--- PROBLEM STATEMENT ---
Retype exactly what appears below from the line containing "ミズノ モレリアネオIV 22㎝サッカースパイク" down to the line containing "Фотограф-анималист. Фотограф собак", keeping both end lines. Do not include pictures.

--- INPUT ---
▽
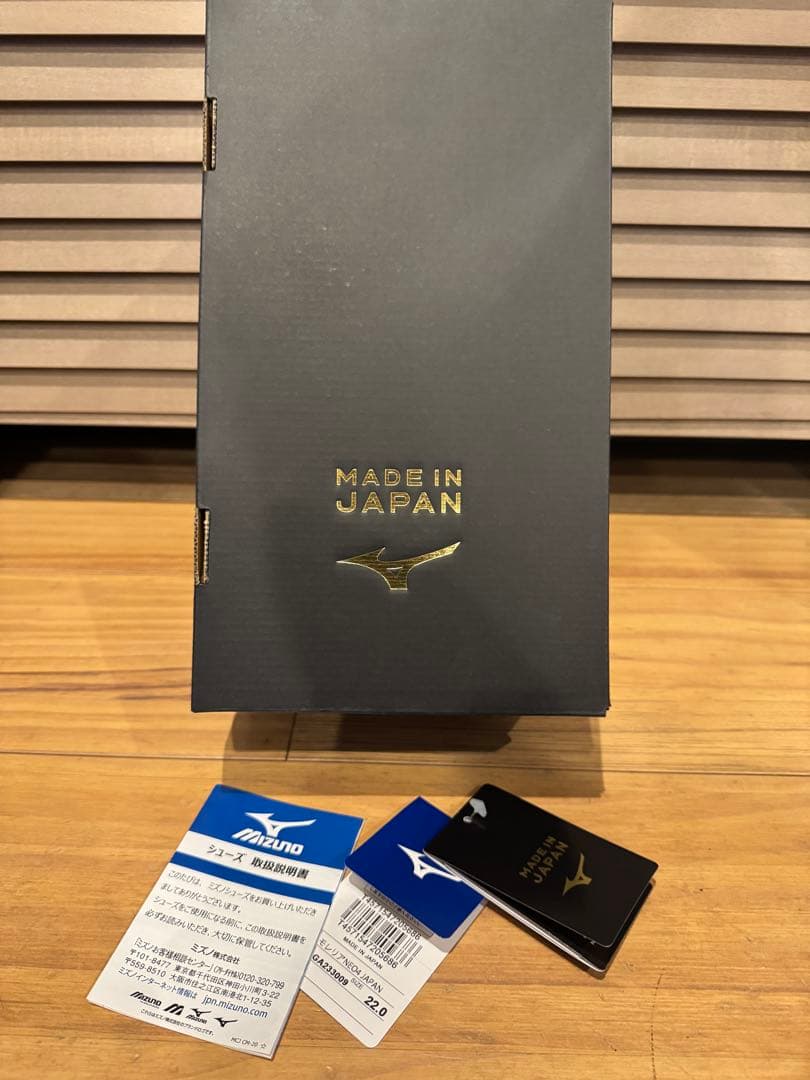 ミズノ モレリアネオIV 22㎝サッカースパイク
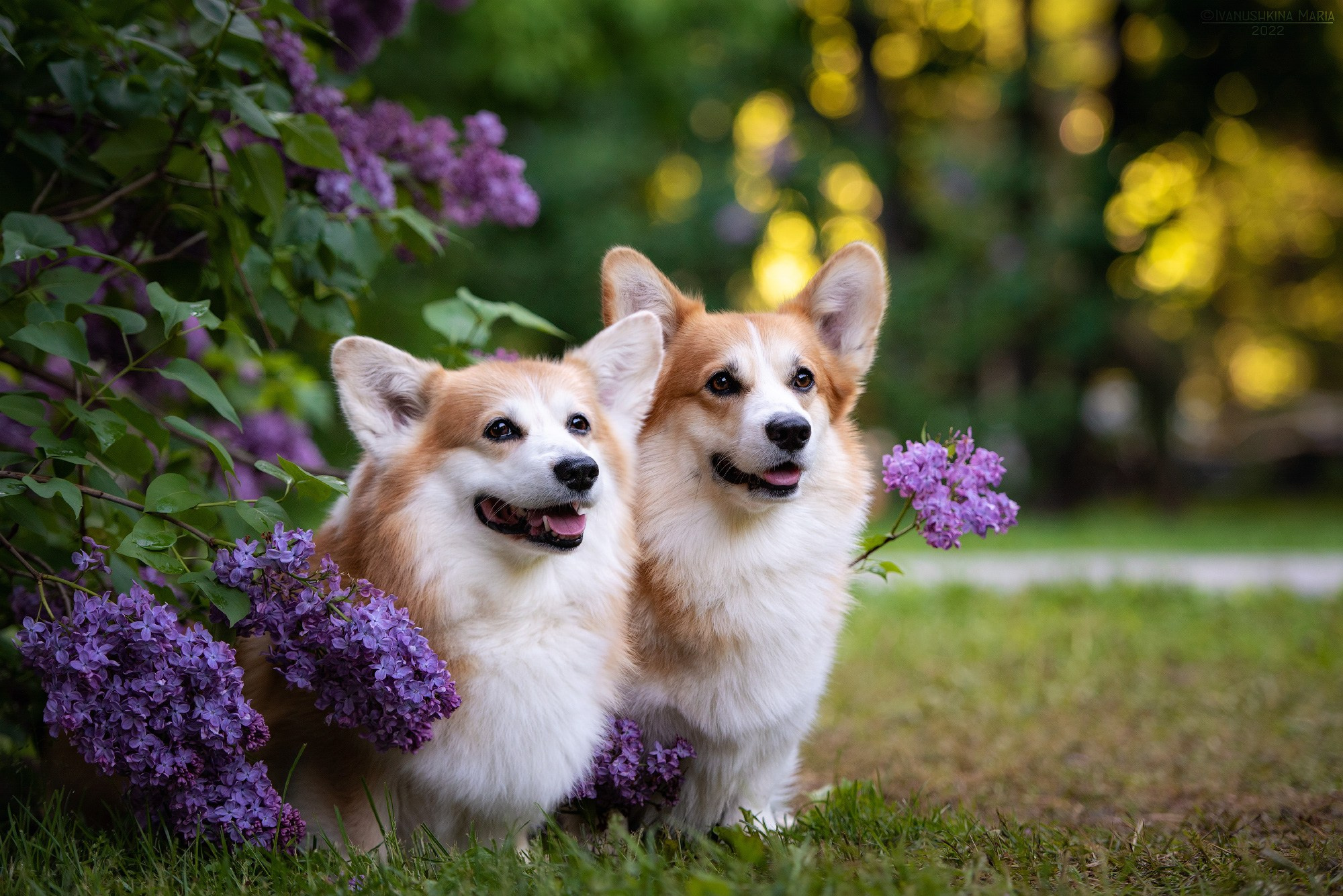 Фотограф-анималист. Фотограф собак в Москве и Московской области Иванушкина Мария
△
▽
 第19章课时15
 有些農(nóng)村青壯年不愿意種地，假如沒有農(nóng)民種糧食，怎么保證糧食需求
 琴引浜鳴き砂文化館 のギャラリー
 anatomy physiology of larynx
△
▽
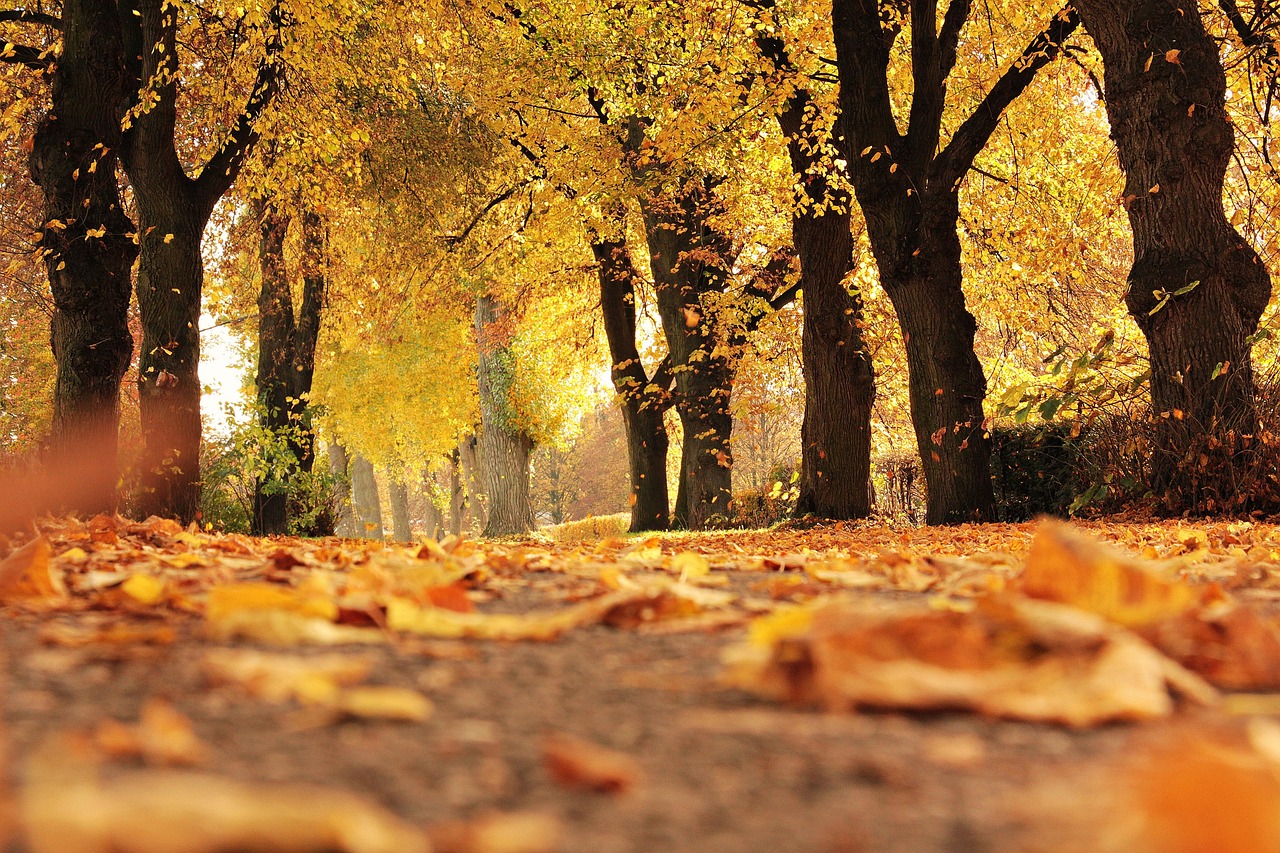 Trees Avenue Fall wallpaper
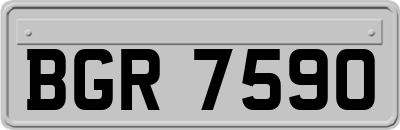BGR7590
△
--- EXERCISE OUTPUT ---
 ミズノ モレリアネオIV 22㎝サッカースパイク
 Фотограф-анималист. Фотограф собак в Москве и Московской области Иванушкина Мария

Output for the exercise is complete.